6.5.- La censura va quindi respinta, con l’affermazione del seguente principio di diritto:
“in tema di Iva, la sovvenzione erogata da un terzo acquista rilevanza ai fini dell’Iva che deve assolvere chi l’ha ricevuta quando sia ravvisabile un nesso immediato e diretto tra operazioni a monte e operazioni a valle, che può essere inteso anche come correlazione diretta ed esclusiva all’attività economica del sovvenzionante, purché il prezzo che l’acquirente o il destinatario della prestazione devono pagare sia fissato in modo tale da diminuire proporzionalmente alla sovvenzione concessa al venditore del bene o al prestatore del servizio; sicché non rileva ai fini dell’Iva, di per sé, il contributo erogato da una società collegata al fine di alleggerire i costi che la sovvenzionata aveva programmato di sostenere e che in concreto non ha sostenuto“.
7.- Fondato è, invece, il secondo motivo di ricorso, col quale si denuncia la violazione e falsa applicazione degli artt. 66 e 75 del d.P.R. 22 dicembre 1986, n. 917, là dove la Commissione tributaria regionale ha ritenuto rilevante, per la tassazione ai fini delle imposte dirette del contributo in questione, già incassato dalla contribuente, il mero rischio della sua perdita, pur in assenza di alcuna iniziativa concretamente avviata per il recupero di essa da parte del soggetto erogante.

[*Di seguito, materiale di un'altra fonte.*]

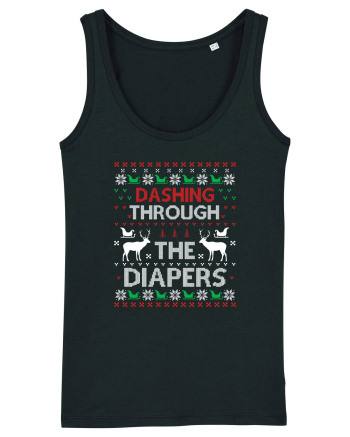 Dashing Through The Diapers Ugly Sweater Black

7.1.- In tema di determinazione del reddito d’impresa, i contributi erogati per incrementare i mezzi patrimoniali del beneficiario, senza che la loro concessione si correli all’onere di uno specifico investimento in beni strumentali sono contributi in conto capitale, e, quindi, sopravvenienze attive (Cass. 6 luglio 2016, n. 13734; sulla destinazione dei contributi a integrare i ricavi si veda Cass. 21 marzo 2019, n. 7950); e, in quanto tali, vanno tassati come ricavi nell’esercizio di competenza, secondo la regola generale in base alla quale il dovere di conteggiare i componenti positivi nell’anno di riferimento si arresta soltanto di fronte a quei ricavi ed a quei costi che non siano ancora noti all’atto della determinazione del reddito, e cioè al momento della redazione e presentazione della dichiarazione (Cass. 6 giugno 2019, n. 15320).
7.2.- In particolare, ai sensi dell’art. 75 (ora 109), comma 1, del d.P.R. n. 917/86, i ricavi, i costi e gli altri oneri sono imputabili all’esercizio di competenza in cui si è formato il titolo giuridico che ne costituisce la fonte, purché l’esistenza o l’ammontare degli stessi sia determinabile in modo oggettivo (Cass. 9 novembre 2018, n. 28671).
7.3.- Corretto è stato dunque l’operato dell’Agenzia, che ha recuperato a tassazione il contributo nell’esercizio di competenza, ossia a quello risale il relativo titolo giuridico, ossia il riconoscimento della società erogante. Né il rischio di recupero, che in base agli atti risulta essere mera possibilità, è idoneo di per sé a incidere sul parametro della certezza.
Il motivo va per conseguenza accolto.
8.- Le considerazioni che precedono determinano l’assorbimento del terzo motivo di ricorso, che propone censure concernenti la motivazione della sentenza in relazione alle questioni in diritto già proposte col primo e col secondo motivo.
9.- La sentenza impugnata va per conseguenza cassata in relazione al profilo accolto, con rinvio alla Commissione tributaria regionale del Lazio in diversa composizione, anche per le spese.
P.Q.M.
rigetta il primo motivo di ricorso, accoglie il secondo, assorbito il terzo, cassa la sentenza impugnata in relazione al profilo accolto e rinvia, anche per le spese, alla Commissione tributaria regionale del Lazio in diversa composizione.